This issue described is for content projection not working consistently across nodes. This has been observed with iSCSI SBPS but it is also possible that this could happen when using DVS.
There are multiple errors that can be observed because of this problem.
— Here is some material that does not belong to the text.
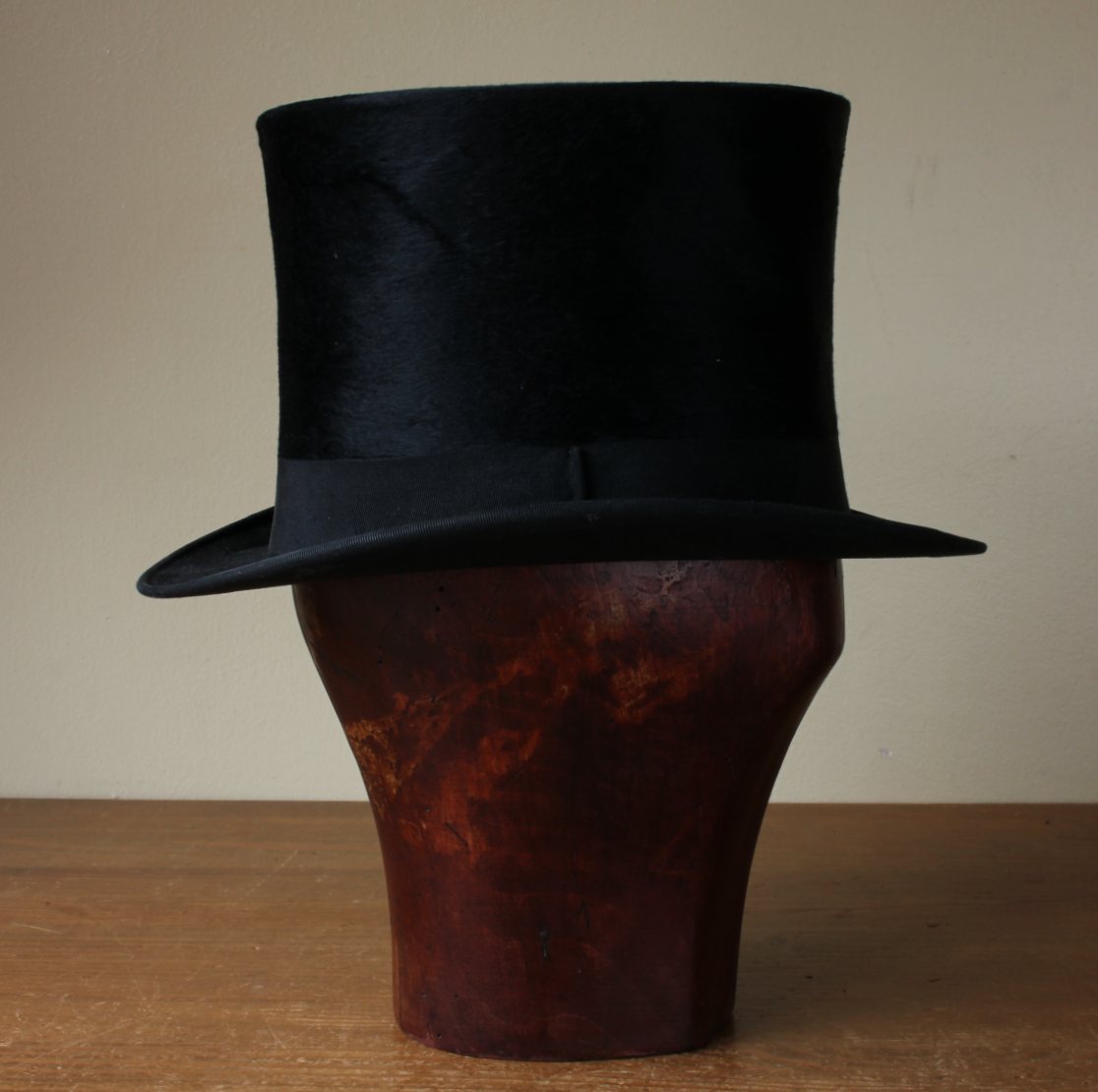Wooden Head Block & Top Hat. Antique Milliners Topper. Hat Display.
The following are example errors:
Doing an md5sum
on /opt/cray/pe
files on a compute node results in IO errors.
md5sum: /opt/cray/pe/cce/17.0.0/cce-clang/x86_64/lib/libLLVMAArch64CodeGen.a: Input/output error
md5sum: /opt/cray/pe/cce/17.0.0/cce-clang/x86_64/lib/libLLVMAArch64Desc.a: Input/output error
a764bc1859748fb1abf2548a5c1bbaae /opt/cray/pe/cce/17.0.0/cce-clang/x86_64/lib/libLLVMAArch64Disassembler.a
209e22ec797a5f2fdea81c8bb70c1d2e /opt/cray/pe/cce/17.0.0/cce-clang/x86_64/lib/libLLVMAArch64Info.a
dmesg -TW
run upon a client shows decompression failed and read block errors
uan01:~ # dmesg -TW
[Wed Nov 6 15:40:26 2024] SQUASHFS error: xz decompression failed, data probably corrupt
[Wed Nov 6 15:40:26 2024] SQUASHFS error: Failed to read block 0x544109af: -5
[Wed Nov 6 15:40:26 2024] SQUASHFS error: xz decompression failed, data probably corrupt
[Wed Nov 6 15:40:26 2024] SQUASHFS error: Failed to read block 0x542feacb: -5
Different md5sum
s exist for the same file on different worker nodes.
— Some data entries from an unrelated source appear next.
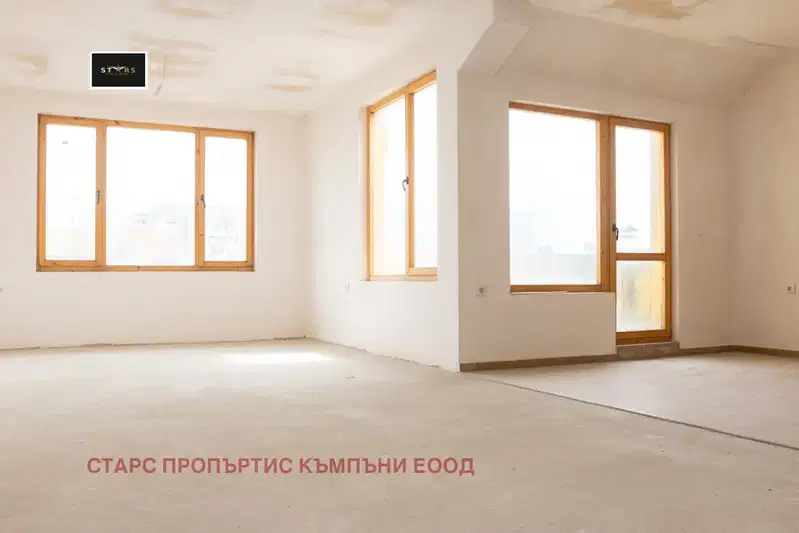 Просторен 3-стаен апартамент с две тераси в Център, Варна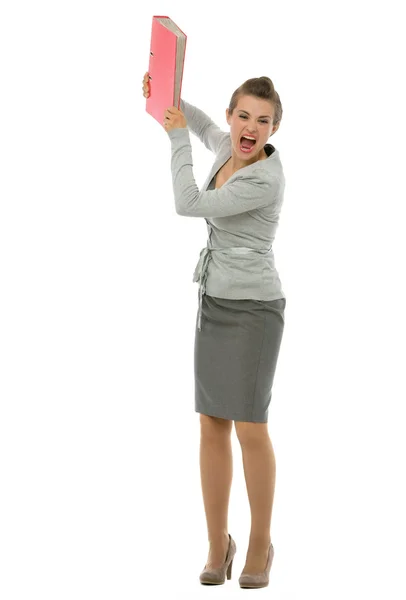 Ritratto a figura intera di donna d'affari arrabbiata lanciando cartella in rabbia — Foto Stock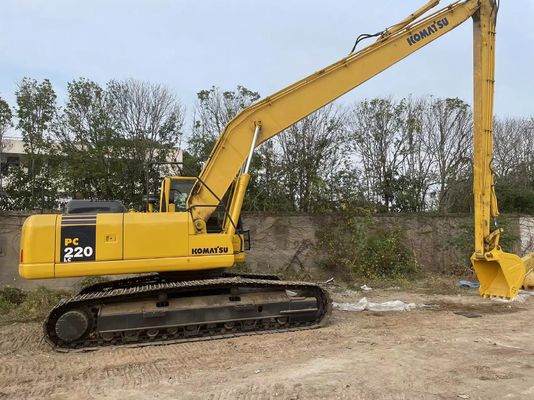 Japonya'da kullanılan Komatsu kazıcı PC220-7 18 metre uzunluğunda bir yırtıcı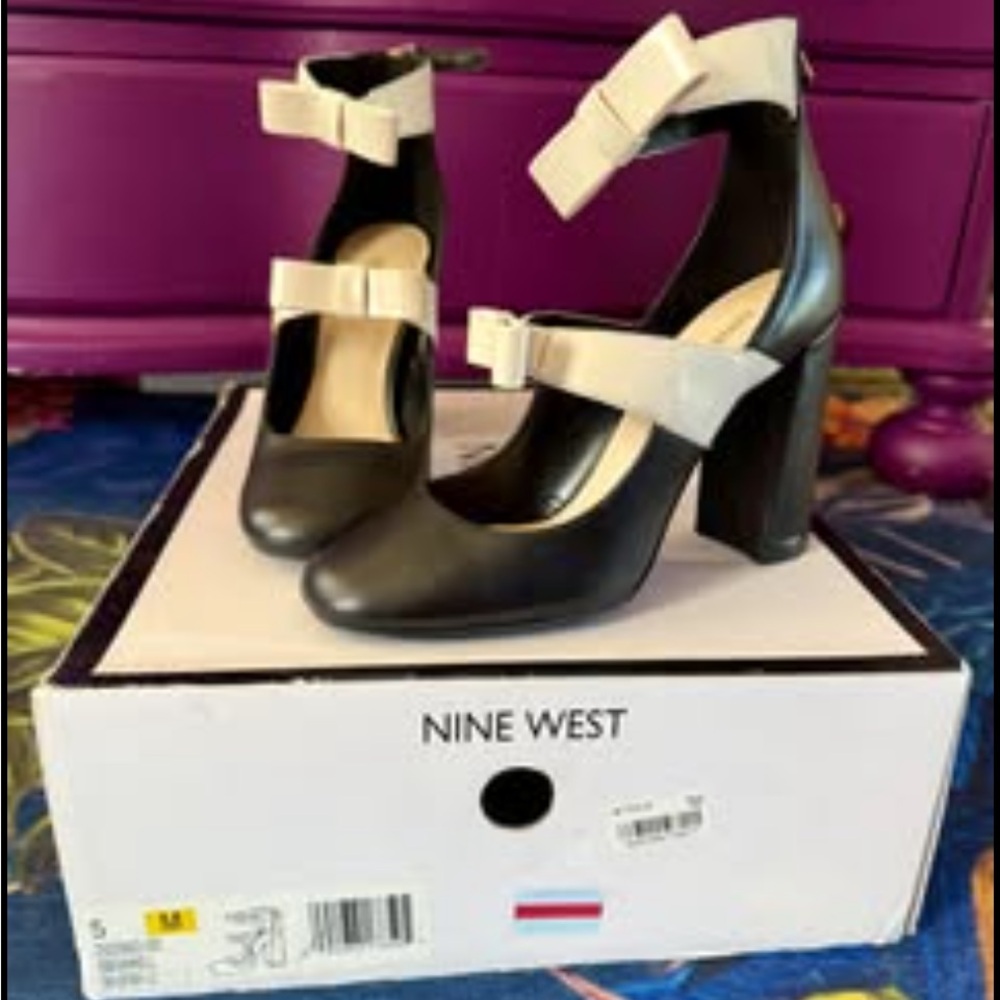 Nine West Black and Cream Bow Heels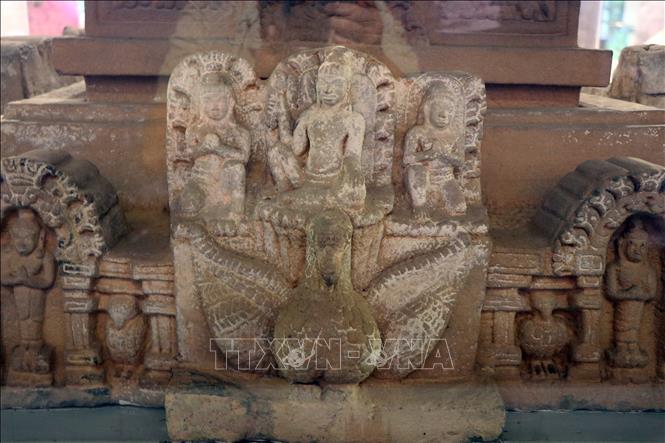 Trong ảnh: Bệ thờ Vân Trạch Hòa được công nhận bảo vật quốc gia năm 2015, hiện đang được trưng bày tại Quốc Tử Giám nhà Nguyễn ở thành phố Huế. Ảnh: Đỗ Trưởng - TTXVN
ncn-w001:~ # md5sum /var/lib/cps-local/boot-images/PE/CPE-base.x86_64-25.03.squashfs
829199014137a7e25b3c149f9239f372 /var/lib/cps-local/boot-images/PE/CPE-base.x86_64-25.03.squashfs
ncn-w002:~ # md5sum /var/lib/cps-local/boot-images/PE/CPE-base.x86_64-25.03.squashfs
6e6e10dfa89942ce17db40f9c0ab26d4 /var/lib/cps-local/boot-images/PE/CPE-base.x86_64-25.03.squashfs
ncn-w003:~ # md5sum /var/lib/cps-local/boot-images/PE/CPE-base.x86_64-25.03.squashfs
f13369e126f45f0cca83e45988d1c5ef /var/lib/cps-local/boot-images/PE/CPE-base.x86_64-25.03.squashfs
Image projection inconsistency is caused when an existing image in S3 boot-images
is overwritten.
This could occur when a product provides a static SquashFS and is uploaded to S3 a second time.
This is most likely to happen when a CPE image is uploaded to boot-images
with the same name as an existing image.
Generally, images uploaded to boot-images
will have a unique UUID as their key so this issue will not be hit.
However, CPE creates images which use names as their key.
Because of this, their keys may be identical and this inconsistent projection may be seen.
There are two ways to resolve this problem.
The existing image ID that was duplicated can be changed to a unique image ID and this new unique image ID can be referenced. This would likely mean restarting the product installation from an early IUF stage.
If the image is being exported by SBPS, do a rolling reboot of worker nodes to ensure all worker nodes have the correct image information. Follow the NCN rolling reboot documentation.
If compute nodes are still experiencing issues after worker nodes have been rebooted, compute nodes will also need to be rebooted to cleanly remount the image.